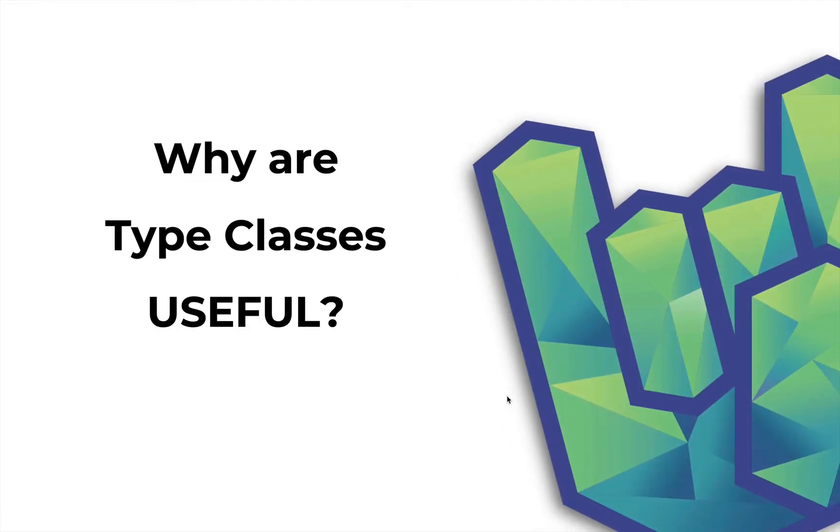Hello boys and girls, this is Daniel for Rock the JVM. In this video I'm going to discuss why type classes are useful in Scala in what I hope will be a short and down-to-earth approach.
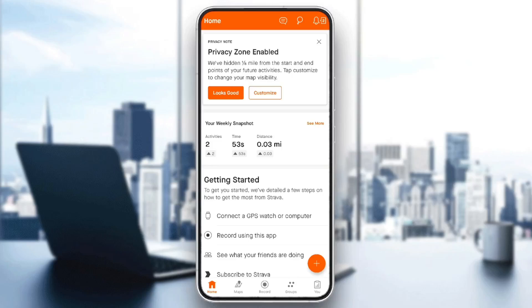Hello everyone and welcome back to a new video. In this video I'm going to show you how you can recover your deleted activity on Strava. So if you want to learn how to do it, just follow the steps that I'm going to show you. As you can see, I'm right now in Strava.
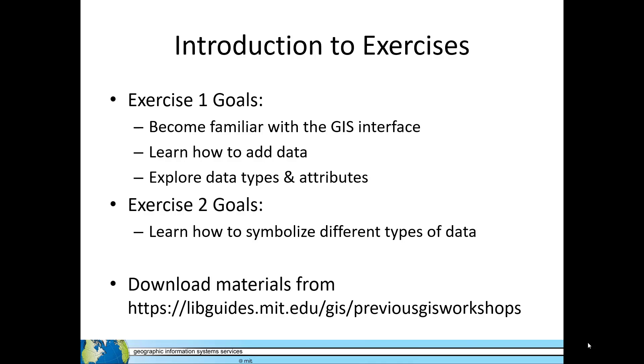There are two hands-on exercise demonstrations included with these video tutorials. Complete Exercise 1 after viewing the video on geospatial file formats. The goals of this first exercise are to become familiar with the software interface, learn how to add data to a map, and explore data types and attributes.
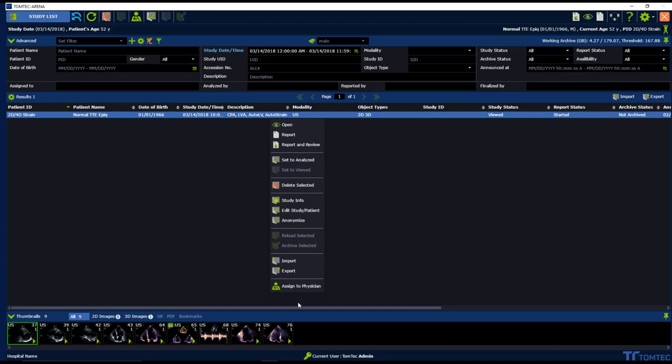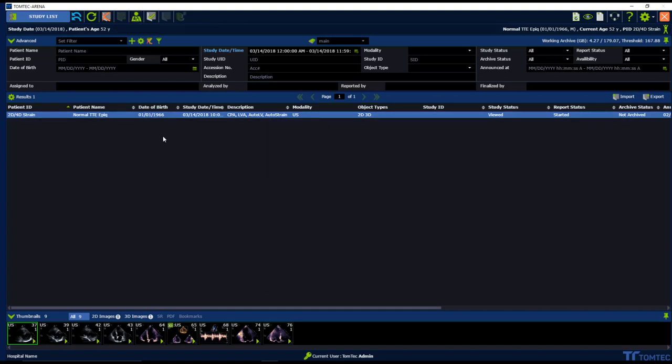Right mouse click on the study, we can assign to. You can also see the same icon on the top. Now let's work on the study.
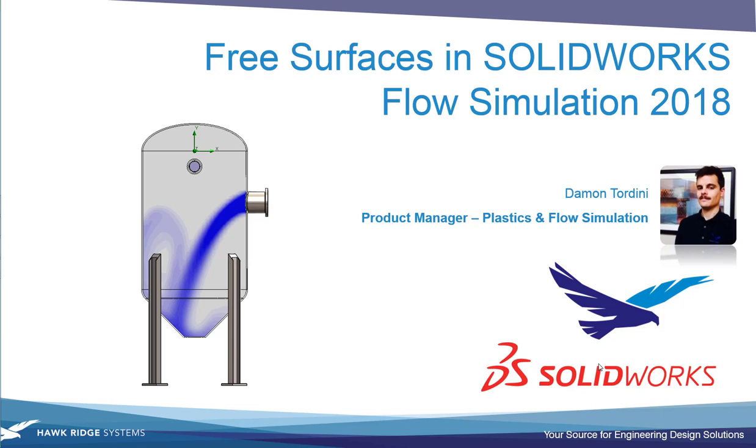Hi, this is Damon Tordini with Hawkridge Systems. I'm here to show the new free surface functionality that's been added to SOLIDWORKS Flow Simulation 2018.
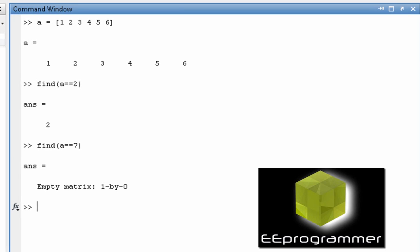So it tells you whether there is anything that is matching in your array. Is there any other way to do it?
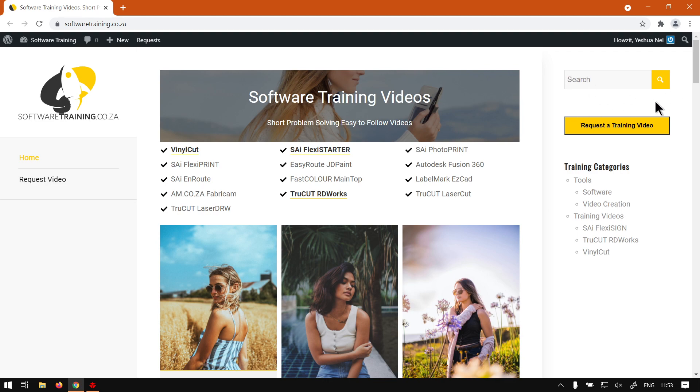If you do not however find the videos you're looking for, you can just go here, request a training video, then we will make that video for you. But otherwise, thanks guys for watching and cheers.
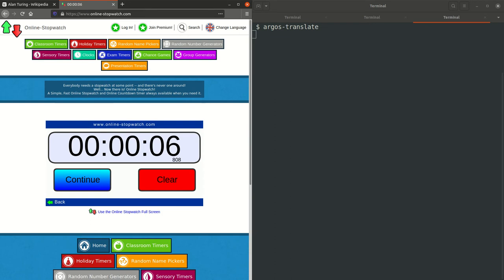So that was 6.8 seconds, which is a 4-second improvement. So that's just the speed improvement from not having to bundle Stanza in a Snapcraft application. Thanks for watching.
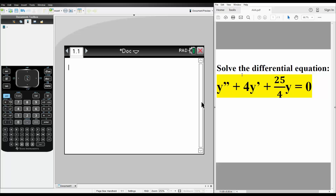In this video we want to solve the differential equation given by y double prime plus 4y prime plus 25 divided by 4y is equal to 0. If we solve this question by hand, we will realize it will involve complex roots.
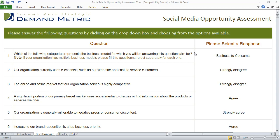The opportunities associated with social media can be pretty obvious, but when it comes time to actually explain the opportunities from different perspectives, it's not so easy.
□ □ □
→ WORK REQUEST:
Within the listing above, find the line containing "Right mouse click" and the line containing "So it tells". Transcribe them and everything between them exactly, leaving out the pictures.

→ TASK SOLUTION:
Right mouse click on the study, we can assign to. You can also see the same icon on the top. Now let's work on the study.
Hi, this is Damon Tordini with Hawkridge Systems. I'm here to show the new free surface functionality that's been added to SOLIDWORKS Flow Simulation 2018.
So it tells you whether there is anything that is matching in your array. Is there any other way to do it?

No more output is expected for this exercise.